WHAT THE TASK ASKS: Your answer should be an exact copy of the lines from the one containing "Wonderskin Wswonder Blading" through the last line of the records below, without any pictures.

DATASET CONTENT:
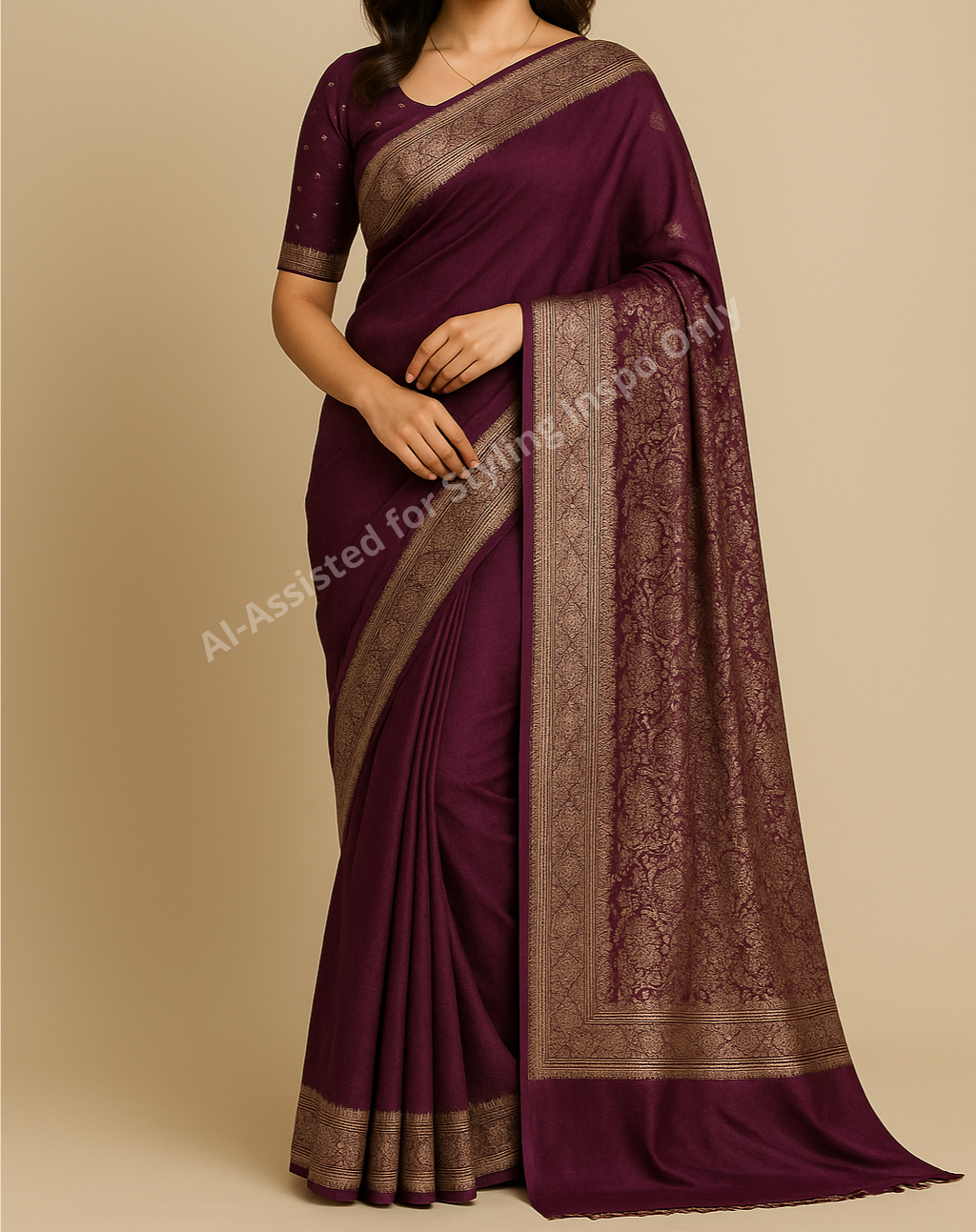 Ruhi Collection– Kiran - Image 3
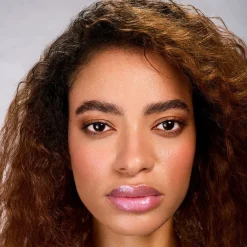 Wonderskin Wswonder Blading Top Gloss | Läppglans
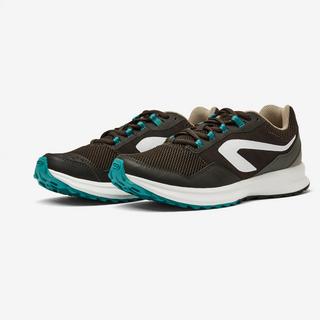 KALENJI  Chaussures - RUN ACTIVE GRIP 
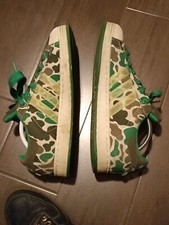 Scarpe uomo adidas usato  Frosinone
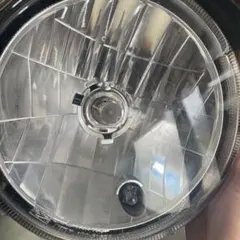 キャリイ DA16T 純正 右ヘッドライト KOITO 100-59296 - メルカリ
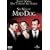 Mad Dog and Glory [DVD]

RESPONSE BOX:
 Wonderskin Wswonder Blading Top Gloss | Läppglans
 KALENJI  Chaussures - RUN ACTIVE GRIP 
 Scarpe uomo adidas usato  Frosinone
 キャリイ DA16T 純正 右ヘッドライト KOITO 100-59296 - メルカリ
 Mad Dog and Glory [DVD]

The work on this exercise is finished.